Depois, ele descobriu a obra de Jorge Amado, que iria influenciar-lhe definitivamente o modo de ver e pensar a vida.
— Entre as contínuas lamentações de filósofos, pensadores e romancistas românticos, Amado me ajuda a combater o tédio mortal de autores sepulcrais do estilo de Goethe e Foscolo. A vida é Vadinho, Dona Flor, Cabo Martim, Vasco Moscoso de Aragão, capitão de longo curso, são os cabelos de Yemanjá no espelho do mar, os saveiros e os pastores da noite. Música, literatura e depois futebol.

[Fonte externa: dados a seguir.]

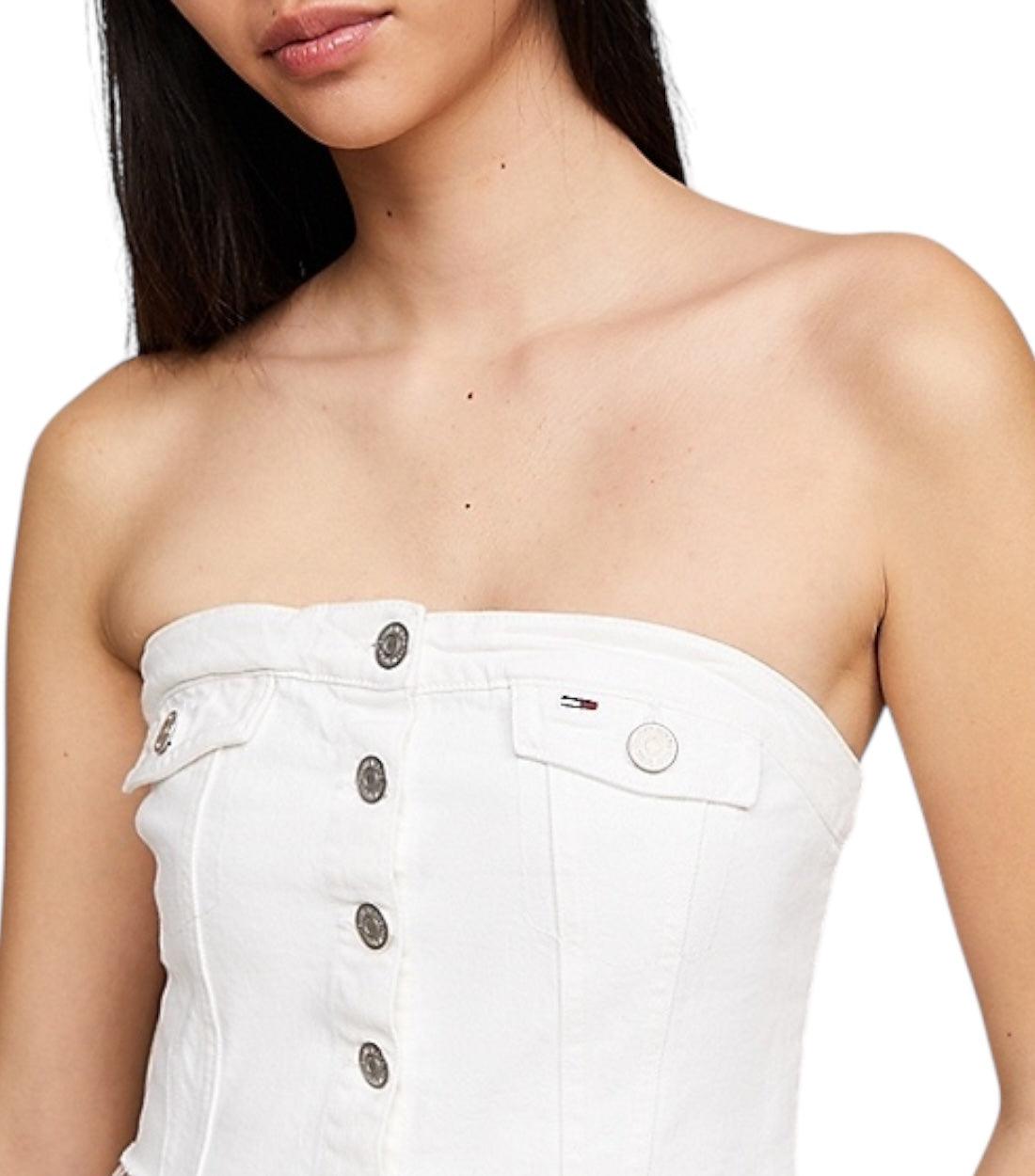 Tommy Hilfiger Jeans Wit Denim Fitted Cropped Bustier Top Dames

Em seguida, claro, vem a paixão pelo “futebol bailado”.
— Mané Garrincha vira meu anjo da guarda. Um duplo passo de Ronaldinho não tem nada a invejar a uma composição de Villa-Lobos. Um desarme de Dunga é preciso e eficaz como uma descrição de João Guimarães Rosa. No futebol revejo os meus heróis musicais e literários. Torcer pelo Brasil é um modo de ser. Eu sou italiano até a medula, mas me sinto absolutamente verde-amarelo por personalidade, paixão, emoção, intensidade. Toco as percussões em um grupo de Varese, o Bossa Nova Project. Em Varese, todos conhecem a minha absoluta devoção pelo Brasil — conta o professor de Educação Física e responsável pela escola de futebol da Associação Esportiva Varese 1910, equipe que disputa o campeonato nacional da Série B e conta com alguns brasileiros, como o meia Filipe Gomes Ribeiro, carioca da escola do Vasco da Gama, e Leônidas de Souza Neto Pereira, atacante de General Carneiro.
Para Caccianiga, casado e pai de três filhos, os campeonatos mundiais de futebol são uma espécie de “missa”. Ele não tem dúvidas sobre para quem vai torcer durante a Copa das Confederações.
— A “santa” da minha esposa suporta com condescendência quando convido à minha casa, a Catedral do Samba, os meus amigos brasileiros para ver os jogos. Garanto que parece um sambódromo. E se há Brasil x Itália, bem, eu torço pelo Brasil! Porque para mim não é só um chute na bola, é um modo de ser, de viver e de pensar.